◆ TASK TO COMPLETE
In the material below, find the span from the line with "HUMAN FOOD CHAIN" to the line with "Side View Thumbnail" and transcribe only those lines, exactly, ends included, without the pictures.

Top of TASK INPUT

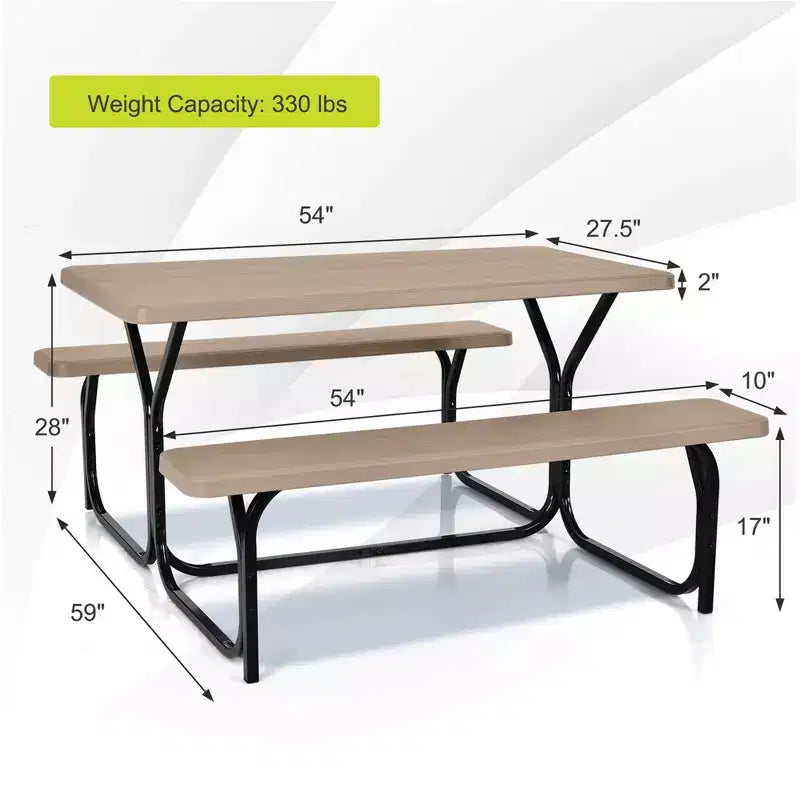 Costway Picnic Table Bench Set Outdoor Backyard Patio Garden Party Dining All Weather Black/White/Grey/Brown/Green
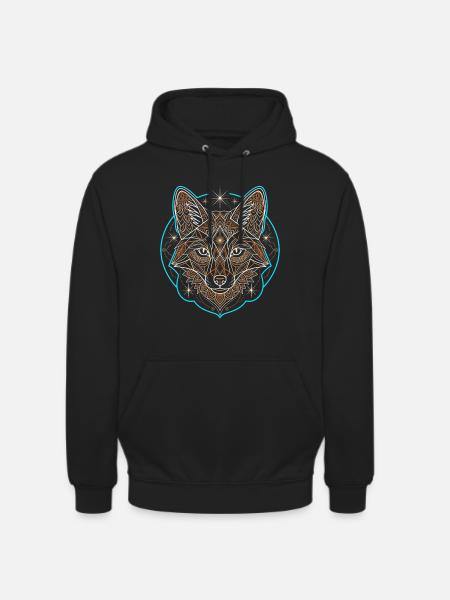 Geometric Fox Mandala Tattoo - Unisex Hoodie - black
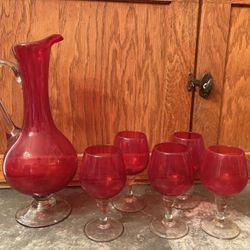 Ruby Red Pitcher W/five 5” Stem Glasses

Bottom of TASK INPUT
Top of TASK INPUT

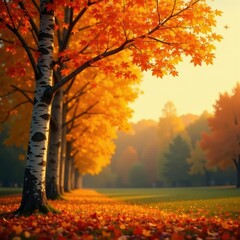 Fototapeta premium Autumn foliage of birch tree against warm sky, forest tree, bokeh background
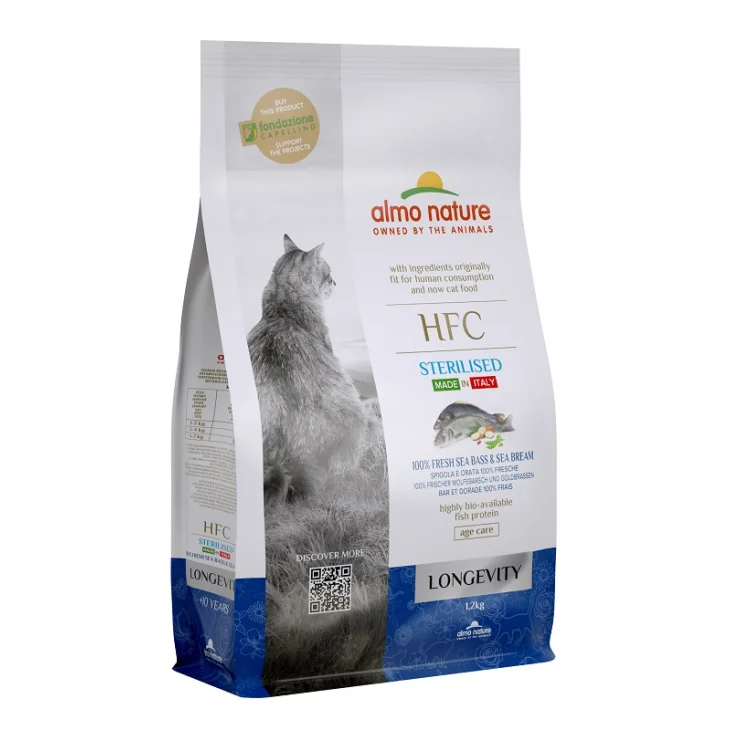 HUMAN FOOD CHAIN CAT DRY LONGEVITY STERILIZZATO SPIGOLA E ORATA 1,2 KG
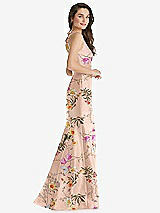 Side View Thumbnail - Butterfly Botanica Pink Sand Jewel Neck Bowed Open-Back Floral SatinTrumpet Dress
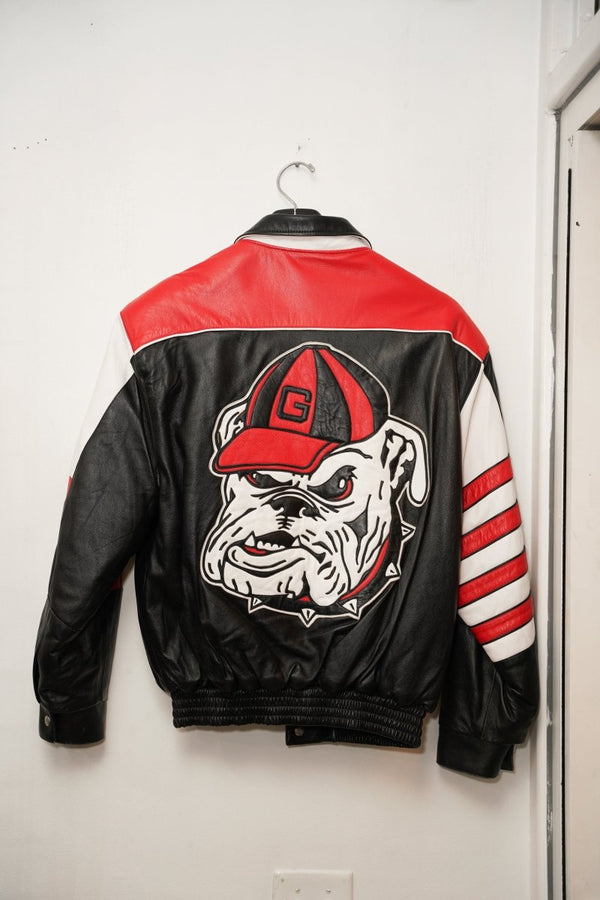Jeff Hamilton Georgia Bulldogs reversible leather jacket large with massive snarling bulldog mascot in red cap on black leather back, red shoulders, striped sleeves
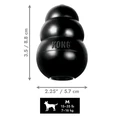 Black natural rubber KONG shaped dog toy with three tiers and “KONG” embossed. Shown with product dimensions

Bottom of TASK INPUT

◆ RESULT BELOW
 HUMAN FOOD CHAIN CAT DRY LONGEVITY STERILIZZATO SPIGOLA E ORATA 1,2 KG
 Side View Thumbnail - Butterfly Botanica Pink Sand Jewel Neck Bowed Open-Back Floral SatinTrumpet Dress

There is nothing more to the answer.